Według sondażu IBRiS dla Onetu, gdyby wybory parlamentarne odbyły się w niedzielę, wszystkie obecne w Sejmie partie by w nim pozostały. Są też fatalne wieści dla Szymona Hołowni - nie dość, że tym razem nie wzięto jego nieistniejącej partii pod uwagę, to z sondażu wynika, że gdyby to on a nie Rafał Trzaskowski mierzył się z Andrzejem Dudą w II turze, zdobyłby jeszcze niższy wynik.
Z sondażu wynika, że PiS zdobyłby 39,7 proc. głosów. To trochę mniej, niż w wyborach w ubiegłym roku, gdy partia rządząca zdobyła 43,59 proc. Drugie miejsce zajęłaby KO z poparciem na poziomie 28,1 proc. To wzrost o 0,7 proc. w stosunku do wyborów.
Podium zamyka Lewica z 9,9 proc. głosów. SLD zyskało w wyborach 12,56 proc.
Wzrost zanotowała Konfederacja, która w wyborach uzyskała 6,81 proc. głosów, a według sondażu zdobyłaby 8 proc.. Największym przegranym, choć nadal w Sejmie, byłoby PSL. Nie dość że z poparcia 8,55 proc. robi się 5,8 proc., to ustępują miejsca Konfederacji.
8,6 proc. ankietowanych nie wie, na kogo oddałaby głos.

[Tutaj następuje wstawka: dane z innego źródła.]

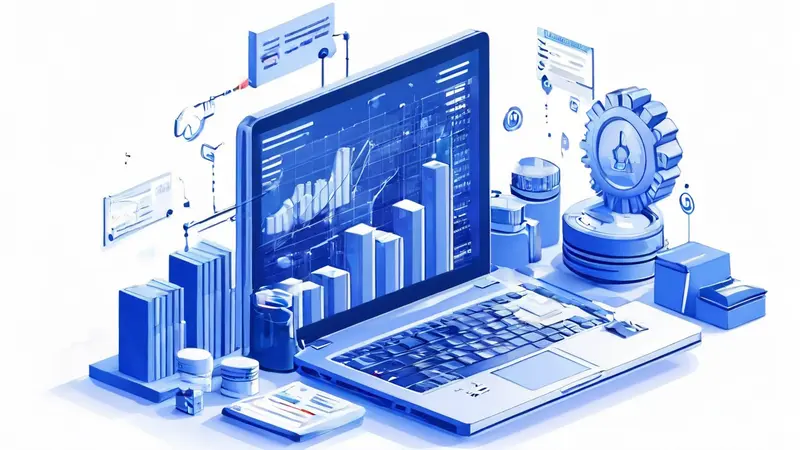 怎么用excel自动生成坐标图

Co ciekawe, sondaż nie uwzględnia, jak poprzednie, nieistniejącej partii Szymona Hołowni. Bada natomiast, jak zareagowaliby wyborcy w II turze wyborów prezydenckich, gdyby ten był w II turze. Jak się okazuje, prezydent Andrzej Duda miałby jeszcze większą przewagę.
49,3 proc. badanych zagłosowałoby na obecnego prezydenta, zaś 42,8 proc. na Hołownię. 4,7 proc. badanych było niezdecydowanych, zaś 3,2 proc. nie wzięłoby udziału w wyborach.
Sondaż przeprowadzono w dniach 17-18 lipca na 1,1 tys. osób.